Evans, 56, is available because he will be between this season's and next season's contracts as Cardiff's coaching director. His assistant coaches will be Mike Ruddock and Dennis John, and their collective plans - though not yet their World Cup squad - will be revealed next Thursday after they have had time to think about them.

Geoff Evans, the selector who had a public falling-out with Davies when the side to play Ireland he thought had been chosen one day was not the one announced the next, succeeds Robert Norster as manager. Evans, 51, a 1971 Lion and eminent member of the great London Welsh sides of the Sixties and Seventies, is chairman of the Welsh Rugby Union's national player-development committee.

Alex Evans and Ruddock, who will be released from a post at Swansea similar to Evans's at Cardiff, had been widely expected to take on the job. Less expected was the addition of John, 45, one of the Wales A coaches and the highly successful coach of Pontypridd, as a backs coach.

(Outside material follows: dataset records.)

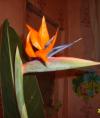 Strelitzia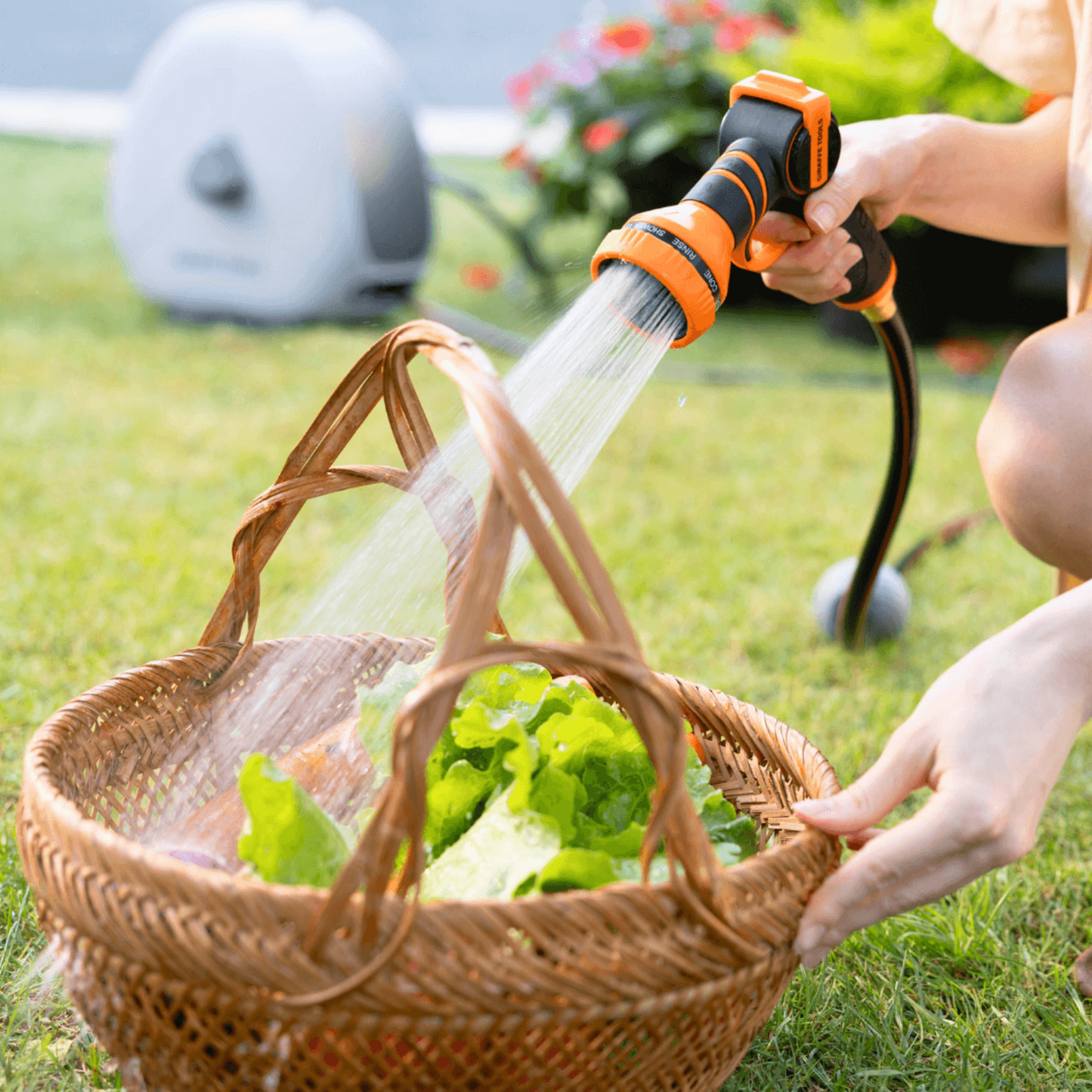 Person watering lettuce in a basket with a garden hose on a grassy area with the hose coming from the ground-mounted retractable garden hose reel.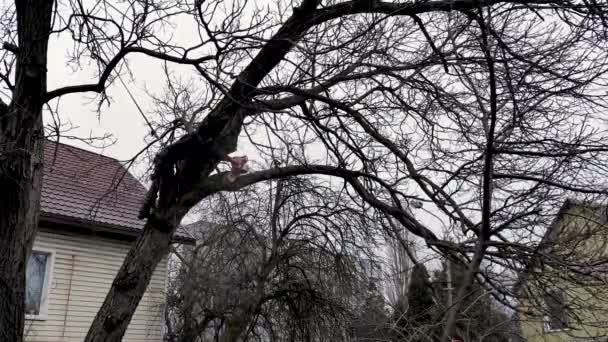 Człowiek Człowiek Arborysta Ścina Tnie Drzewo Przed Domem Pod Pochmurnym — Wideo stockowe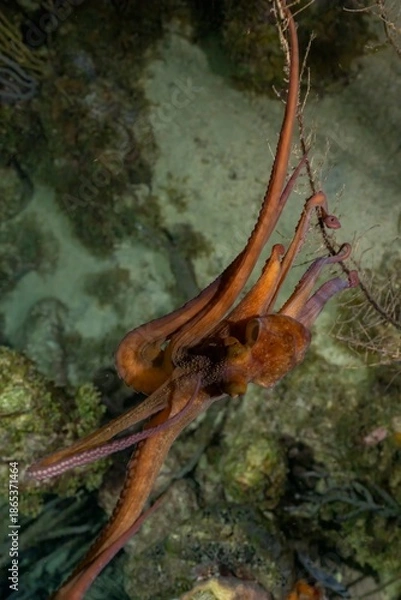 Obraz CARIBBEAN REEF OCTOPUS (Octopus briareus)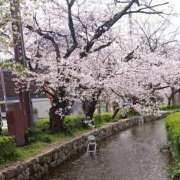 ヒメ日記 2025/04/06 20:14 投稿 木南　まい ホットポイント パート2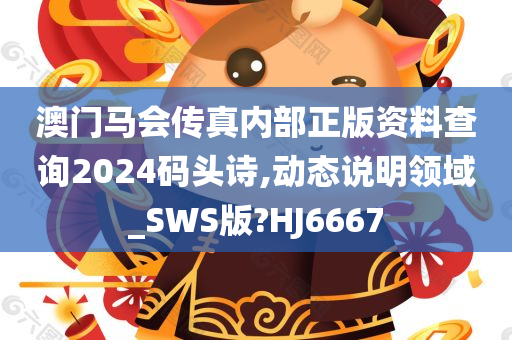 澳门马会传真内部正版资料查询2024码头诗,动态说明领域_SWS版?HJ6667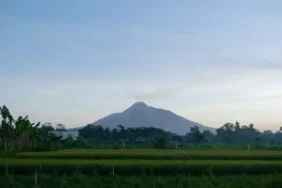 modal-20-ribu-rupiah,-kamu-bisa-makan-tiga-kali-sehari-di-ngaglik,-jogjakarta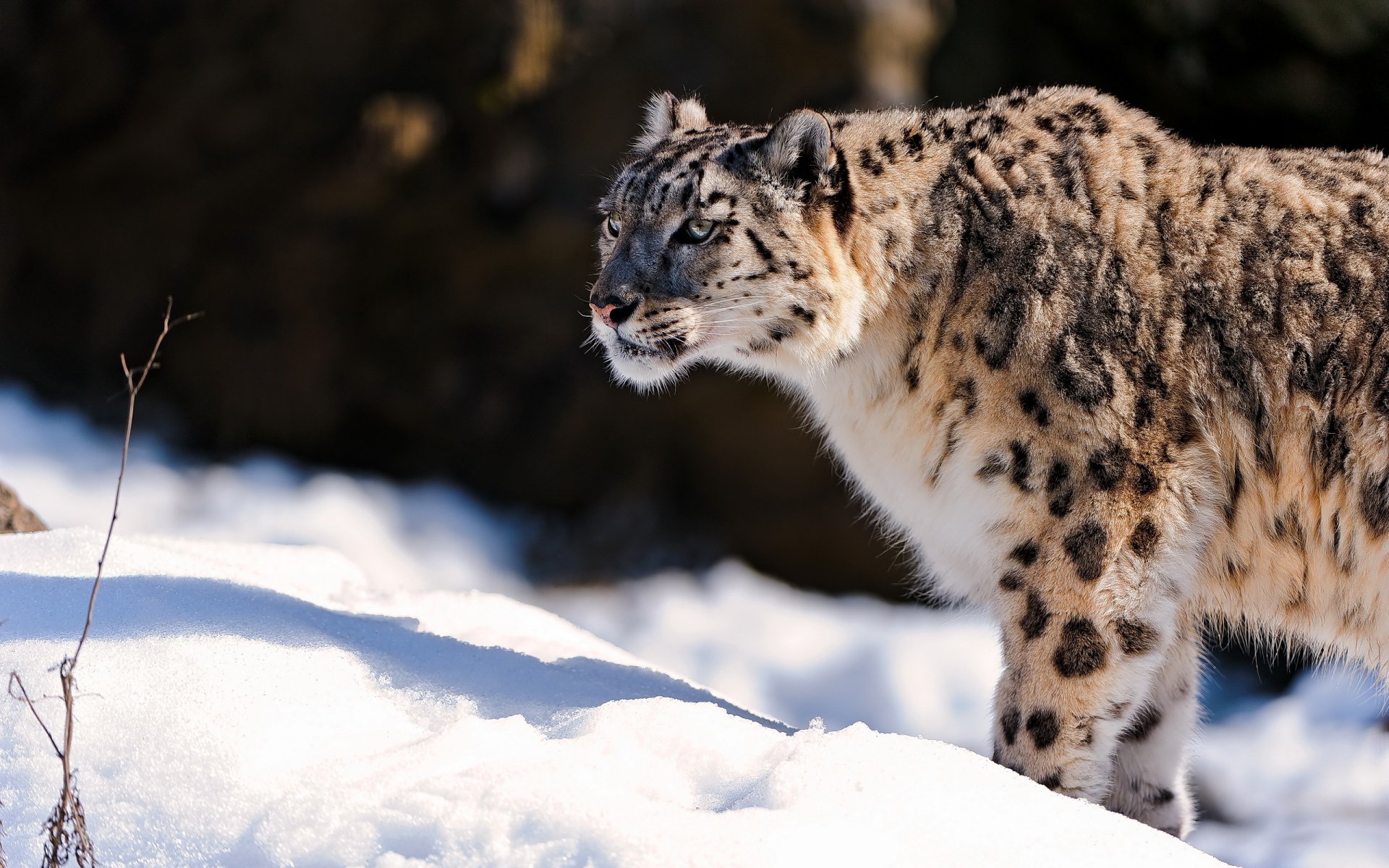 Snow Leopard HD Wallpaper Background Image 2560x1600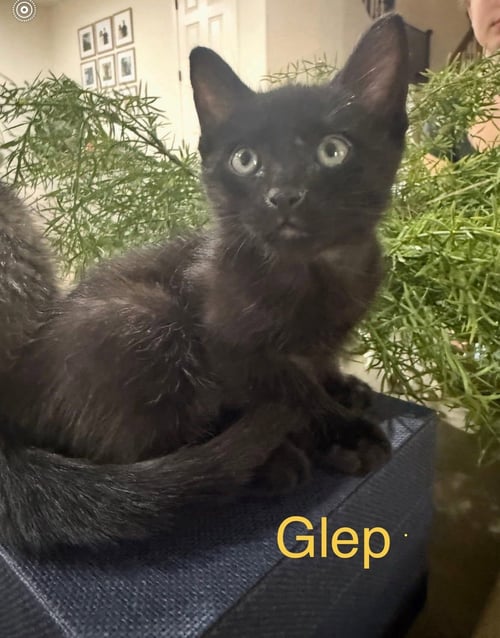 GLEP - Domestic Short Hair for adoption in Mesa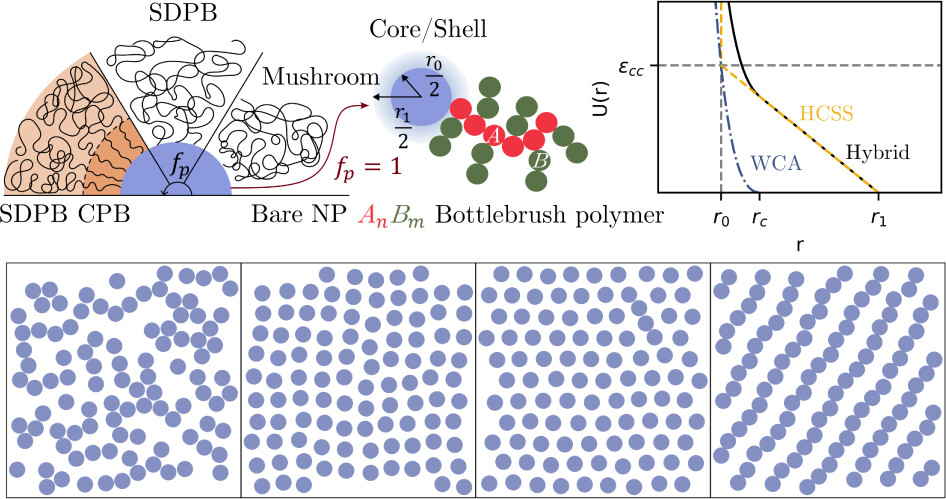 We participated in a dissipative particle simulations study about single bottlebrush ligand-conjugated nanoparticle led by YongJoo Kim group at Korea University and published the results in Langmuir.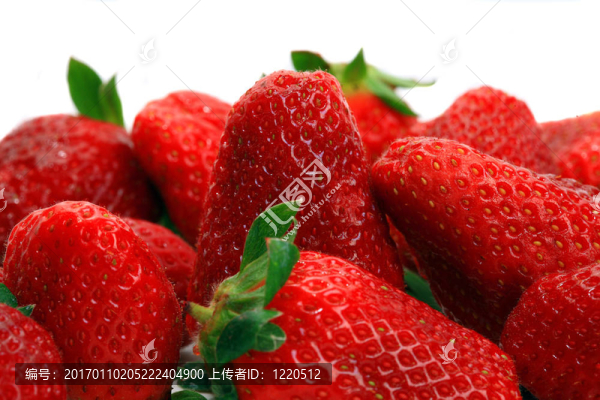 漿果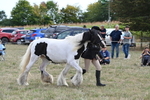 WJ6_6653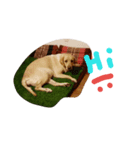 Noo Taojeaw（個別スタンプ：1）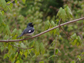 black-throated blue warbler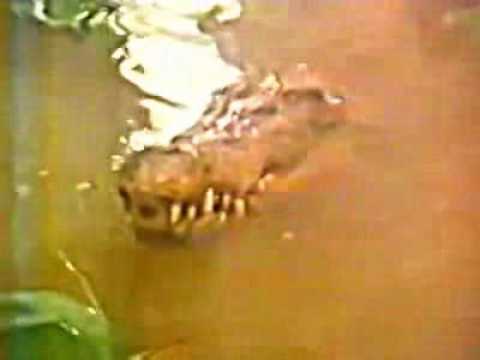 Apple Macintosh Plus Commercial (1986) [Widescreen]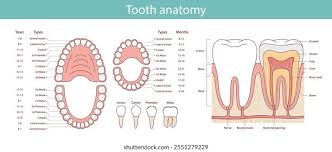 Image result for Tooth Anatomy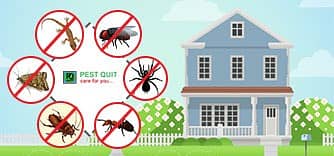 Pest Control ,Fumigation ,Termite , Dengue Control , Deemak Control 3
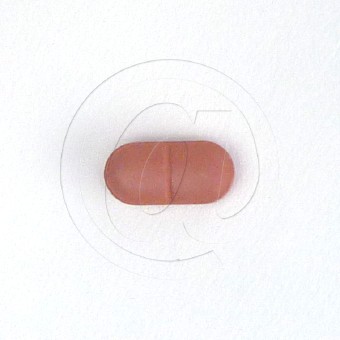 レボクイン250mg(クラビットジェネリック)の画像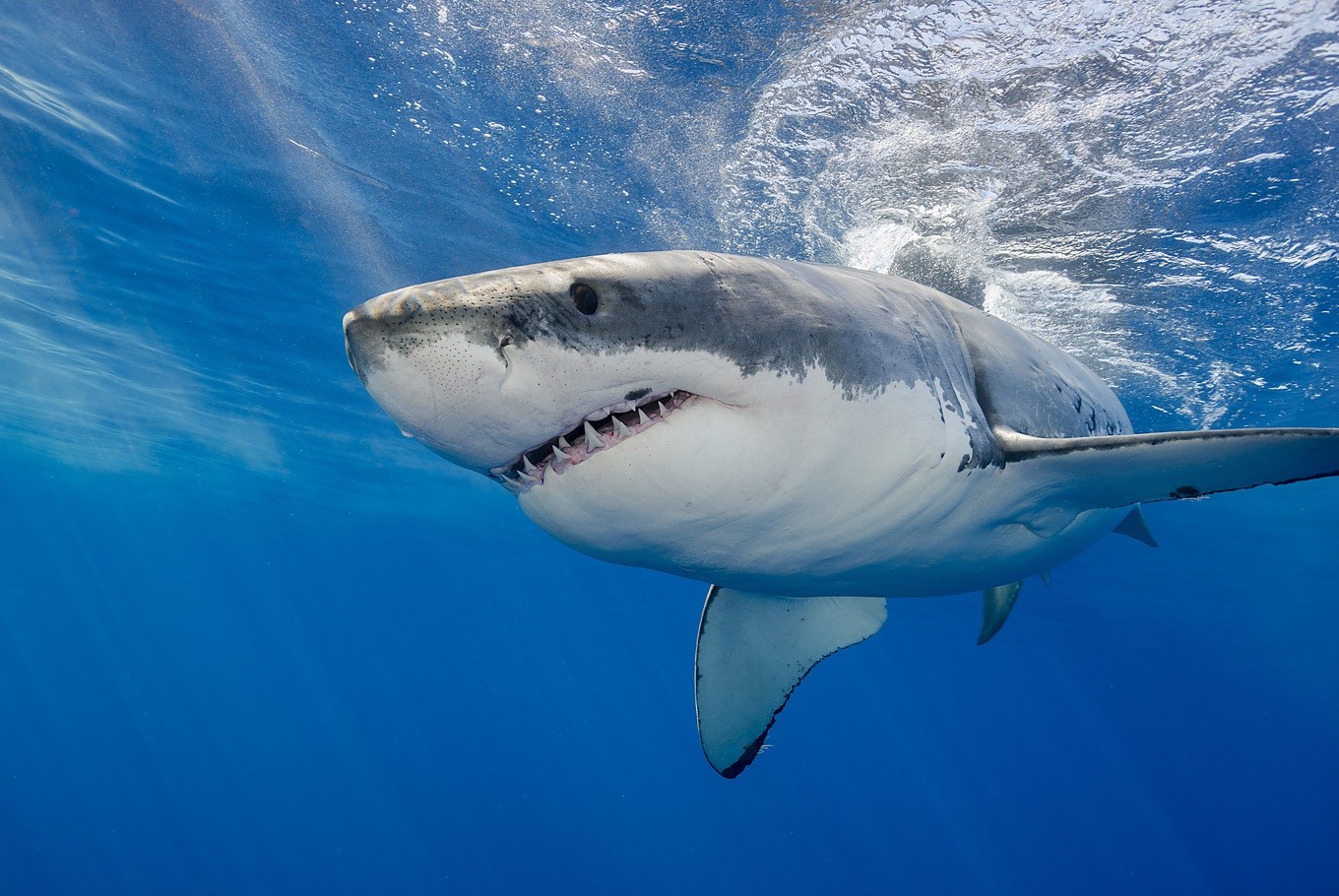 https://aquariumia.com/why-are-there-no-great-white-sharks-in-aquariums/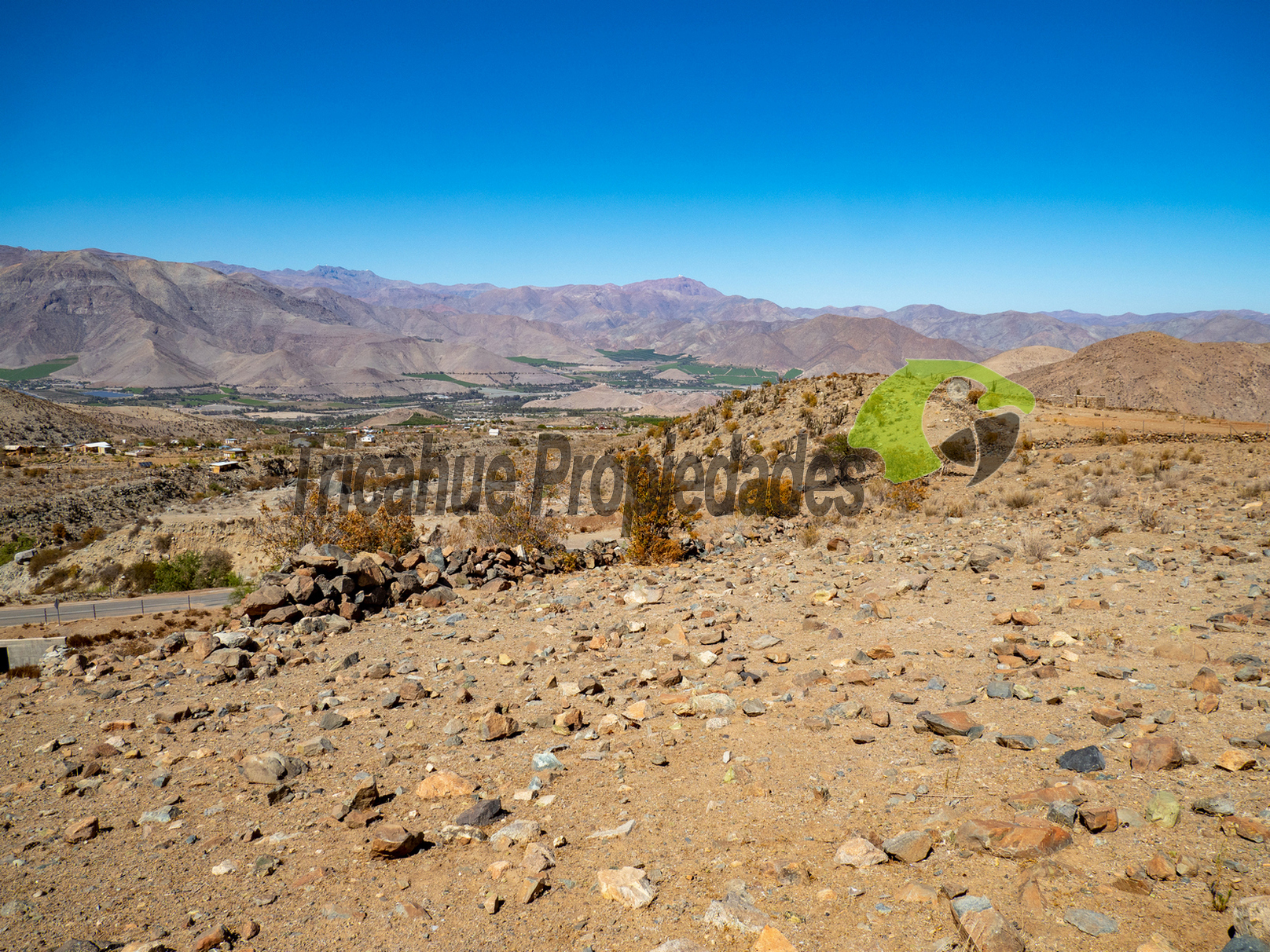 Gran parcela en sector Mamalluca (Vicuña), 11.000 m2, Valle del Elqui. $55 millones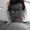 Photo of Dotti M.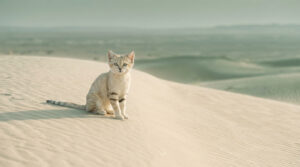 Un chat des sables assis sur une dune de sable doré dans un vaste désert sous un ciel brumeux.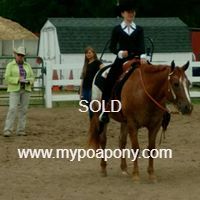 56 inch POA Pony Gelding For Sale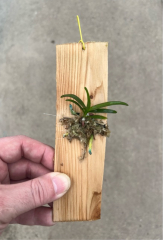Vanda testacea (mounted)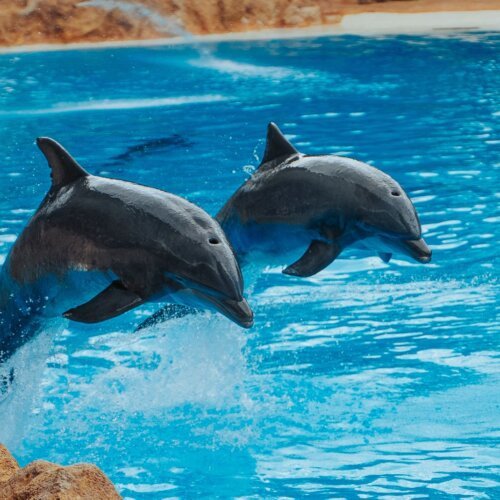 Two dolphins jumping in blue water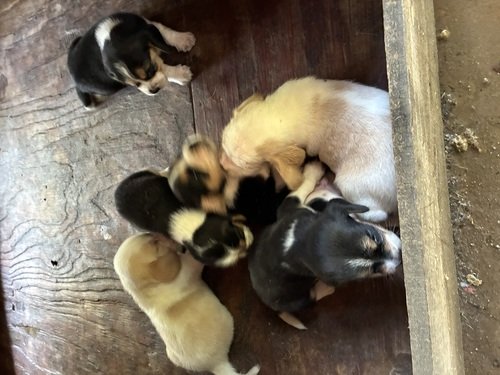 Akc registered beagle puppies 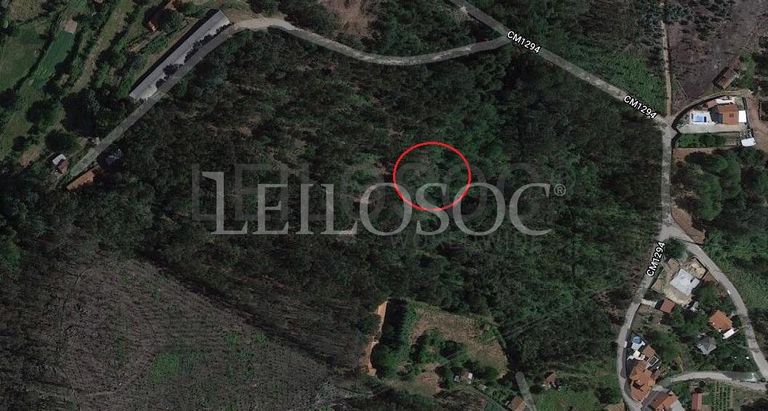 Terrenos · U. F. de Vouzela e Paços de Vilharigues, Vouzela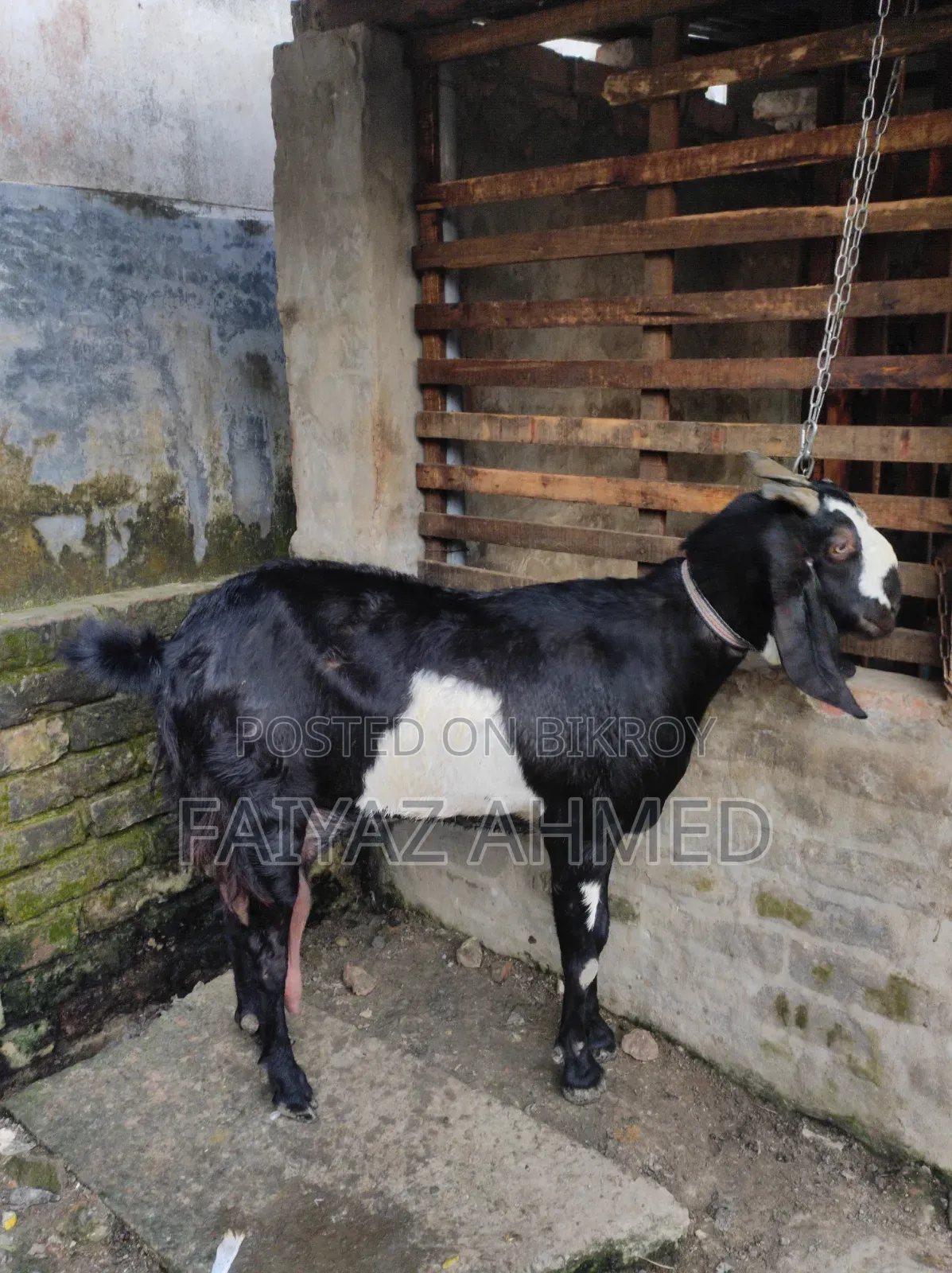 ছাগল বিক্রি করা হবে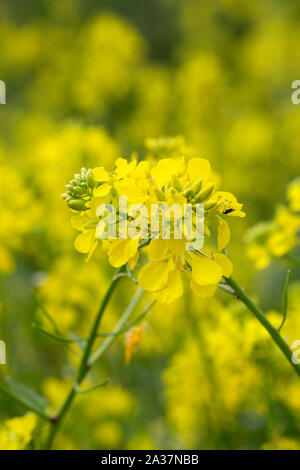 Raps (Brassica napus Subsp napus), Blumen Stockfoto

He had previously declared his non-availability for the World Cup and now that the situation has changed he becomes the clear favourite to combine with the other A-team coach, Kevin Bowring, and take Wales into next season, once Alex Evans and Ruddock have completed their assignment in June.

The new coaching team were put in place after an offer of resignation by Davies, Norster and the assistant coach, Gareth Jenkins, was accepted by the WRU general committee on Monday. They had paid the penalty not simply for the Welsh whitewash in the Five Nations' Championship, but the distressingly clueless and spiritless performance of their team.

The sole objective for the caretakers is to ensure Wales make a better fist of the World Cup than they did of the domestic championship. The Welsh pool includes New Zealand and Japan, with the second quarter-final place from the pool likely to be decided when Wales play Ireland in Johannesburg on 4 June.

Both Evans and Ruddock possess impressive credentials. The Australian was Alan Jones's deputy when the Wallabies made their Grand Slam tour of the British Isles in 1984, and since Cardiff persuaded him to come from Queensland in 1992 they have risen from the nether regions of the Heineken League First Division to their current position on top.

It is both an admission of failure and an expression of broad-mindedness that the WRU should have turned to such an outsider. Not only is he to coach Wales; yesterday he and Ruddock, who has coached Swansea to two league titles, were named among the coaches to look after a proposed lite squad of young players - called Elite Rygbi Cymru 2000 - to be developed for the 1999 World Cup.

This scheme is under the chairmanship of one ex-Wales coach, John Ryan, and involves another, John Dawes, who was sacked as the WRU's coaching director in 1990. Bowring, as head coach, and Allan Lewis of Llanelli, complete the panel.